## [Entries provided]
= = = = = = =

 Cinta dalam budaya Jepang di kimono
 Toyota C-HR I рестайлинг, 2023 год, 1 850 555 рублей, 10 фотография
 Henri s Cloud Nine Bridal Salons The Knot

= = = = = = =

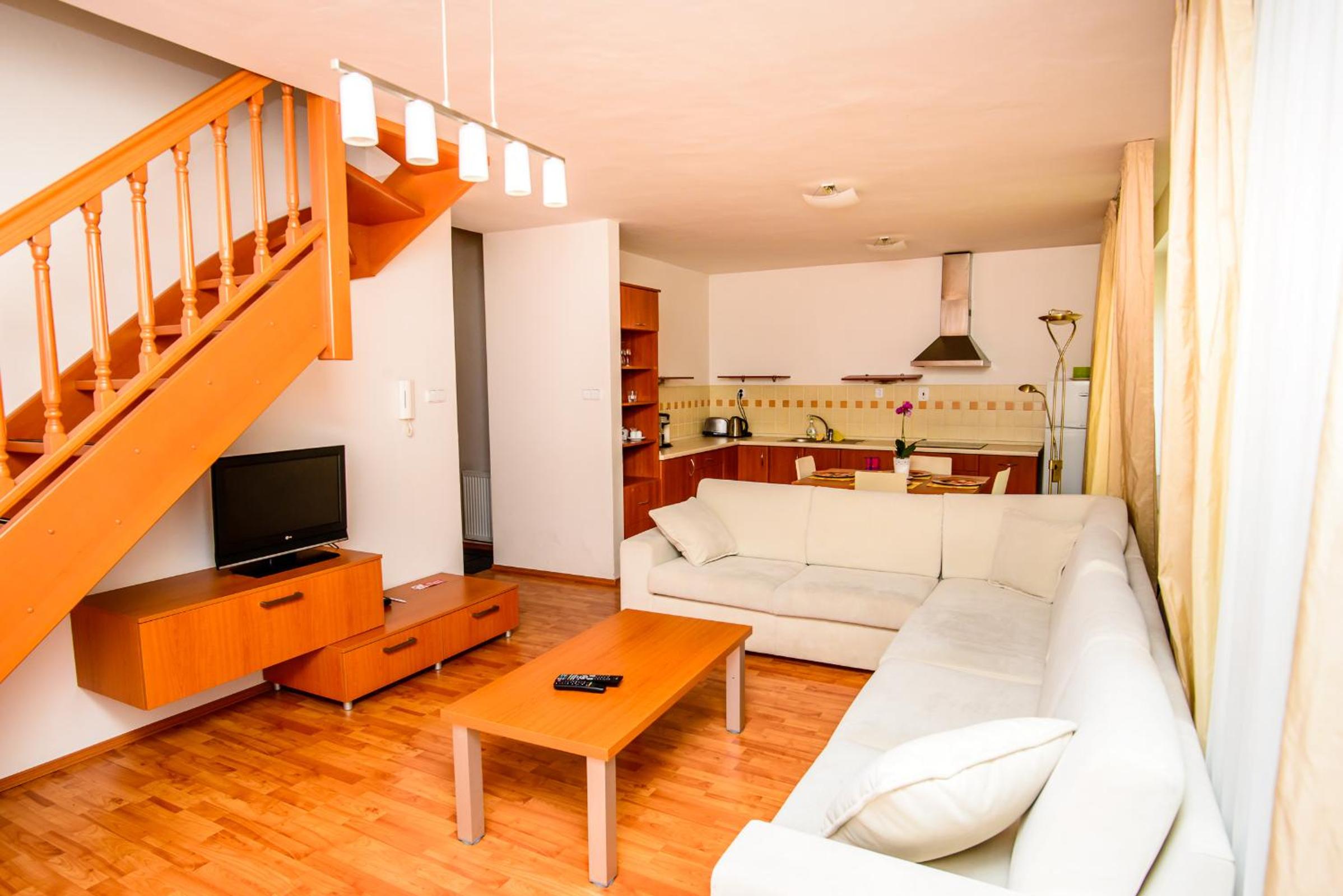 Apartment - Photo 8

= = = = = = =

## [Aim of the exercise]
In the listing above, find the line with "Cinta dalam budaya Jepang di kimono" and the line with "Henri s Cloud Nine Bridal Salons The Knot", then print exactly those lines and every line between them.

## [Task solution]
 Cinta dalam budaya Jepang di kimono
 Toyota C-HR I рестайлинг, 2023 год, 1 850 555 рублей, 10 фотография
 Henri s Cloud Nine Bridal Salons The Knot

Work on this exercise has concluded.